Alright, I've spent some time considering the char_traits issue, and it
seems like some of the methods are positively unfriendly to multi-unit per
glyph encodings, for example:
static void
assign(char_type& __c1, const char_type& __c2)
{ __c1 = __c2; }
static bool
eq(const char_type& __c1, const char_type& __c2)
{ return __c1 == __c2; }
static bool
lt(const char_type& __c1, const char_type& __c2)
{ return __c1 < __c2; }
What happens when these get called on halves of surrogates? I cannot
necessarily determine the less than / equal / etc. state of the characters
based on only one unit. If the methods got called on an array, alright, then
use a switch statement to see if I'm a surrogate, if so, which half, etc.

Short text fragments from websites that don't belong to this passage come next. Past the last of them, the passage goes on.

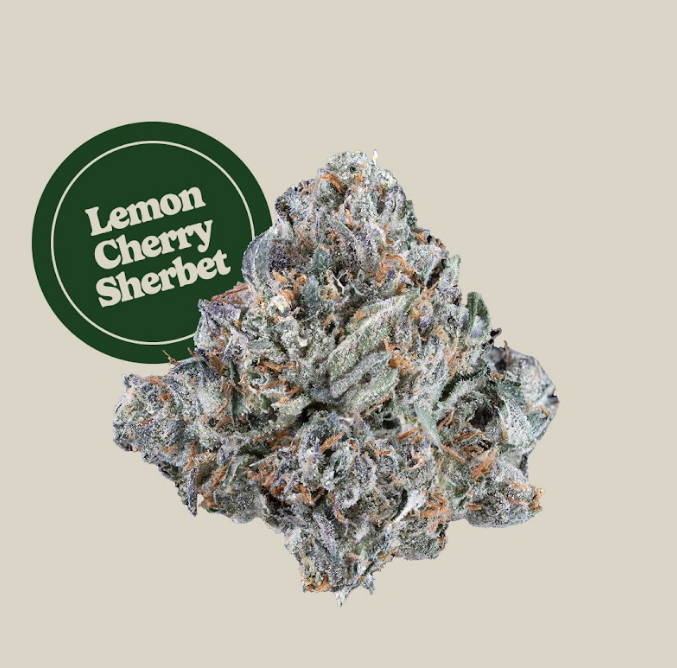 Lemon Cherry Sherbert | Flower | 3.5g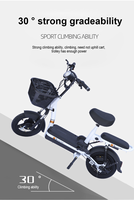 Trottinette électrique pliable à deux roues 7.5Ah/45Ah/40Ah Lithium Longue portée GPS Étanche Freinage électronique Urbain 150kg 25kmh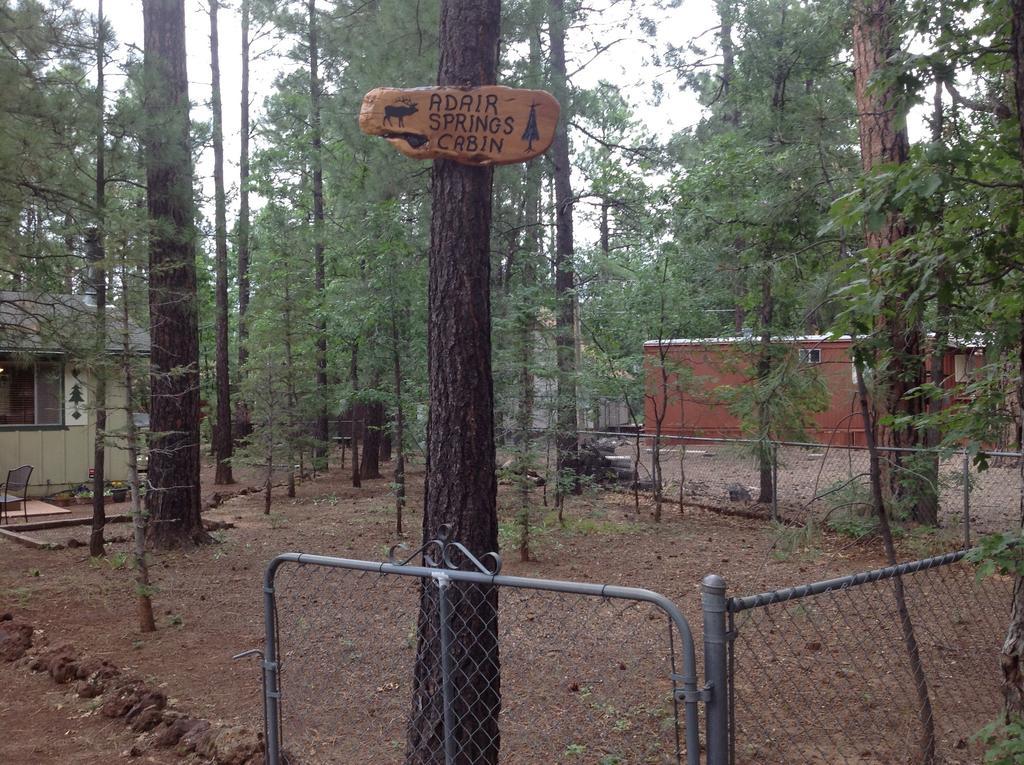 Adair Springs Cabin Pinetop-Lakeside Kültér fotó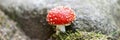 Fly agaric with white spots between the stones. Panorama Royalty Free Stock Photo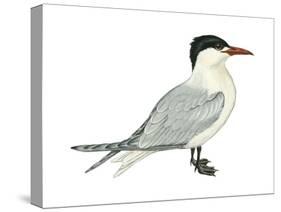 Caspian Tern (Hydroprogne Caspia), Birds-Encyclopaedia Britannica-Stretched Canvas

and then take care of it. But I only have one unit to work with, this can't
happen.
Here are some solutions, in worst to best order:
1) Ignore the surrogates. Goes against the whole point of even using
Unicode. I won't do it.
2) Use 32-bit codepoints. Very wasteful of resources (esp. RAM & I/O). I'll
do it and be ashamed.
3) Simulate 32-bit codepoints. Tell everybody outside that stuff is 32-bit
but in reality on the inside we cast together or bond surrogates in UTF-16
byte sequences to get the 32-bit codepoints. The code would be hard to
maintain. Casts are evil.
4) Forget about actually using the real string container. Just use an
overloaded vector container that has all of the string container's methods.
As long as we maintain the interface everybody wants, who cares how it gets
done inside as long as it's fast. Isn't that how OO should be?
Any comments? I think an overloaded vector that has the same interface as
string would allow for the features we want without forcing us to comply
with string's model of one memory location per glyph.